Lol id rather that as it means id get home far quicker haha just gona look up those split squats on youtube to find out how to do them!

Might do something different with calves i think, dont know what yet tho lol


----------



## Ryan16 (Feb 8, 2010)

Hams and calves

Hamstring work

SLDL

Bar x some for warm up

Working sets

45kg - 1x10

65kg - 1x10

Straps applied

85kg - 1x10 PB!

All were bar to below knee, getting more flexible i think which is good.. Nearly fell back a few times tho :lol:

Lying leg curls

30kg - 1x15

35kg - 1x15

40kg - 1x15

Hams were screaming

Seated calf raise

20kg - 4x10

Did these cause smith was in use plus was getting a lift back up home so wanted to be quick, 30 sec redt period, fvck me i felt it lol

Didnt do split squats cause u forgot to look up how to do them last nyt lol both muscles still felt great tho, good quick workout done in about 40 mins lol


----------



## Bulkamania (Feb 16, 2009)

Good workout mate 

That's some good SLDL's


----------



## Ryan16 (Feb 8, 2010)

Thanks mate  slowly working the weight up :beer:


----------



## warren (Jun 16, 2008)

i felt, havng not trained my hams seperate from legs when i did , fvck me i could hardly walk...

good session though


----------



## Ryan16 (Feb 8, 2010)

Was an ok session, think once i add in split squats, fling in a leg curl drop set at end and get back on heavy standing calf raises il be that way! Lol

Note to self tho, do calves first next time, always feel everything i do for hams in my calves if i dont do them first somehow lol


----------



## warren (Jun 16, 2008)

i wouldnt do calfs firsat as when you go to do ham curls you may find they cramp, reasn you feel it in calfs too is the hamstring muscles go across the knee joint


----------



## Ryan16 (Feb 8, 2010)

I didnt know that, well il keep to hams first then  thanks mate!


----------



## 1Tonne (Jun 6, 2010)

SLDL looking mean mate.

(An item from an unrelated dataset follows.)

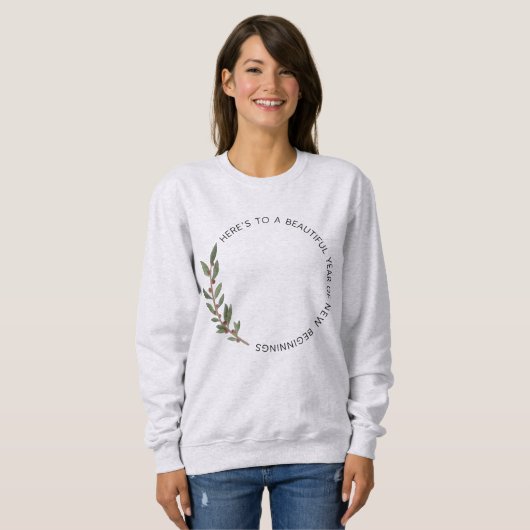 Hello New Beginnings Minimalist New Year  Sweatshirt (Vorne ganz)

Just hit the 85 mark myself and damn does it make me ache.

Looking solid mate. Hows the diet going? Still solid?


----------



## Ryan16 (Feb 8, 2010)

Thanks bud, yeah its a killer! Suprisingly tho no DOMS today :confused1:

Yeah going good! 6-7 meals every day all hit perfect :thumbup1: weights going up slowly, hoping to hit a lean 13 and a half - 14st by april, probs a long shot but its still a good 6 months away which would mean 7 and a half months perfect diet  then gona strip back to get abs out for holiday im planning in june


----------



## 1Tonne (Jun 6, 2010)

Sounds like a good plan. My weight is sticking but im still looking trimmer so would hazard a guess that body fat is dropping slowly as strength still seems to be on the up.

Will weigh in on Monday and maybe up the cals a little just so making the most of the next 9 weeks.

So tired, off to missus house so have a good day tomo mate.


----------



## Ryan16 (Feb 8, 2010)

thanks bud, id guess that with what your doing your dropping fat and gaining muscle so id hold off for now and see how it goes mate 

cool bud have a good one!


----------



## Ryan16 (Feb 8, 2010)

Done bis and tris today, was a wierd one lol never done just arms before and it was good

Tricep work

CG smith press

Warm up

Bar - 1x10

Working sets

40kg - 1x8

45kg - 1x8

50kg - 1x8

All done to about 1-2 inches above chest to focus on triceps, they were fried after this!

Skull crusherzzzz

10kg - 1x10

20kg - 1x8, 1x12

Was meant to do 3x10 on all sets but forgot on the second haha so did 12 on last set to make up reps lol tried double fried!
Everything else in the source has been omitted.